Building these power plants will increase California electricity prices even more, but when compared to the cost of not having reliable electricity, it may not seem quite so bad.
The article below is from Bloomberg:
(Bloomberg) — As if California doesn’t have enough problems with its electric service, now regulators warn the state may be short on power supplies by 2021 if utilities don’t start lining up new resources now.
In the hopes of heading off a shortfall, the California Public Utilities Commission has ordered the state’s electricity providers to secure 3.3 additional gigawatts of reserve supplies. That’s enough to power roughly 2.5 million homes. Half of it must be in place by 2021 and the rest by August 2023.
The move comes as California is already struggling to accommodate increasingly large amounts of solar power that regularly send electricity prices plunging below zero and force other generators offline so the region’s grid doesn’t overload. The state is also still reeling from a series of deliberate mass blackouts that utilities imposed last month to keep their power lines from sparking wildfires amid strong winds. And its largest power company, PG&E Corp., went bankrupt in January.
Now as natural gas-fired power plants retire, officials are warning the state could run short on electricity on hot evenings, when solar production fades and commuters get home and crank up their air conditioners. “We have fewer resources that can be quickly turned on that can meet those peaks,” utilities commission member Liane Randolph said Thursday before the panel approved the order to beef up reserves.
The 3.3 gigawatts that utilities must line up is in addition to a state rule requiring them to sign contracts for 15% more electricity than they expect to need. Some critics question the need for added supplies, particularly after the state went on a plant-building boom in the 2000s.
But California’s grid managers say the risk of a shortfall is real and could be as high as 4.7 gigawatts. Mark Rothleder, with the California Independent System Operator, said the 15% cushion is a holdover from the days before big solar and wind farms made the grid more volatile. Now it may need to be increased, he said.
“We’re not in that world anymore,” said Rothleder, the operator’s vice president of state regulatory affairs. “The complexity of the system and the resources we have now are much different.”

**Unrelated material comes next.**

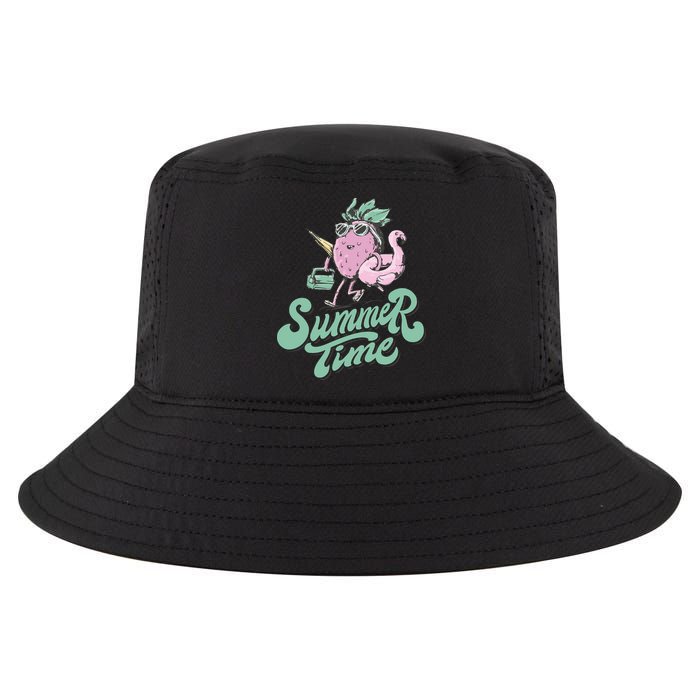 Summer Time Strawberry Retro Beach Cool Comfort Performance Bucket Hat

The state’s three major utilities, PG&E, Edison International and Sempra Energy, will be largely responsible for securing new supplies. The commission banned fossil fuels from being used at any new power generators built to meet the requirement — though it left the door open for expansions at existing ones.
PG&E said in an emailed statement that it was pleased the commission didn’t adopt an earlier proposal to require 4 gigawatts of additional resources. Edison similarly said it was “supportive.” Sempra didn’t immediately respond with comment.
The pending plant closures are being hastened by a 2020 deadline requiring California’s coastal generators to stop using aging seawater-cooling systems. Some gas-fired power plants have said they’ll simply close instead of installing costly new cooling systems. So the commission on Thursday also asked California water regulators to extend the deadline for five plants.
The Sierra Club, meanwhile, called on regulators to turn away from fossil fuels altogether, saying their decision Thursday “sets California back on its progress toward a clean energy future.”
The move to push back the deadline also faces opposition from neighboring towns. Redondo Beach Mayor Bill Brand, whose city is home to one of the plants in line for an extension, told the commission it wasn’t necessary, since California utilities already have plenty of electricity reserves.